It's important to emphasize that the Servo developers don't consider the fact that Rust is memory-safe to be an excuse to skimp on proven approaches to application security. Servo will still utilize multi-process architecture and sandboxing in order to provide defense-in-depth.
Remember that the goal of Servo is not just to be as safe as modern engines, but to be far safer (while also being twice as fast!).
> not just to be as safe as modern engines, but to be far safer
A worthy goal! However, I'm still concerned. If the project is sufficiently secure without multi-process, adding layers only increases the surface area for attack vectors. Sandboxing not only increases the surface area of your (now) multiple processes, but also introduces the OS layer as an arbiter of communication between them, which we can safely assume does not have memory safety guarantees (though is probably quite hardened).
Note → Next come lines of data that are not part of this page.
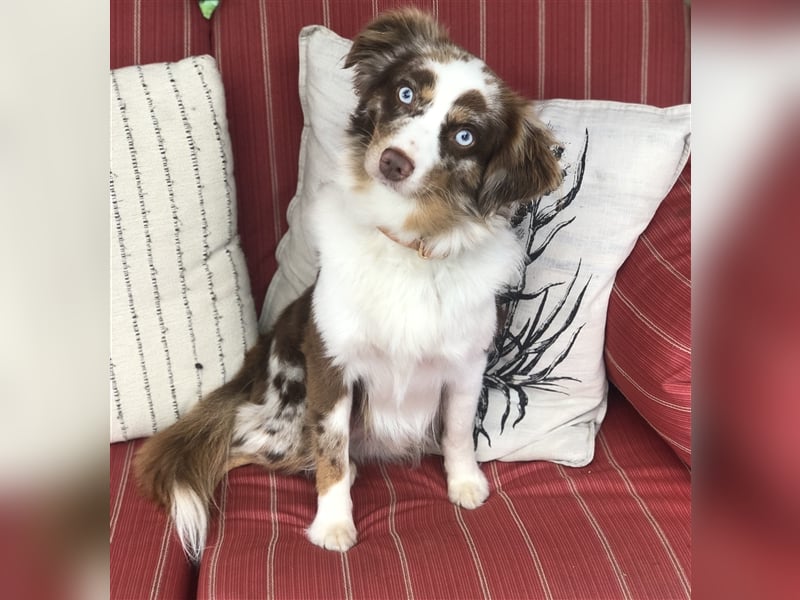 Toy Australian Shepherd erfahrener Deckrüde ASDR 35 cm reine Toy Linie  Australian Shepherd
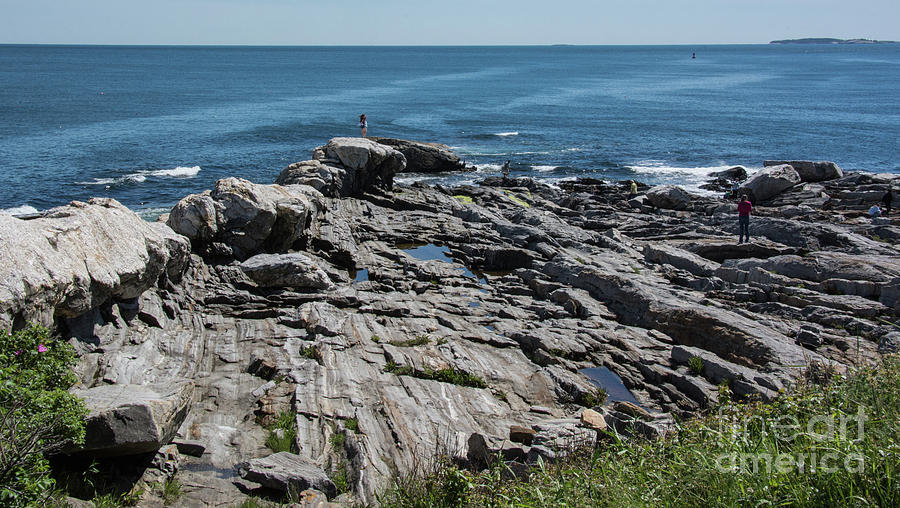 Pemaquid Point Photograph by John Greco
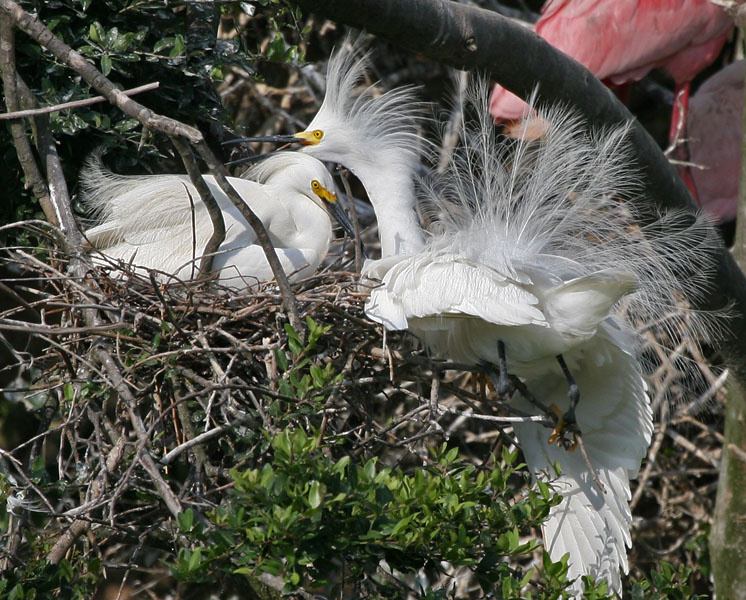 Про нежность птицы, снежная, цапля, snowy egret, Texas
Of course, the developers would not claim that Servo is "sufficiently secure" right now, especially since (as brson mentioned) it still includes C & C++ source. My point is, sandboxing can be a huge win in terms of security, especially for now; but any complex feature has tradeoffs and the efficacy of those tradeoffs may not continue to hold through the future and should remain open to consideration.
I don't see how a lack of sandboxing would decrease your attack surface, since you need to communicate with the OS somehow. A sandbox just moderates that communication.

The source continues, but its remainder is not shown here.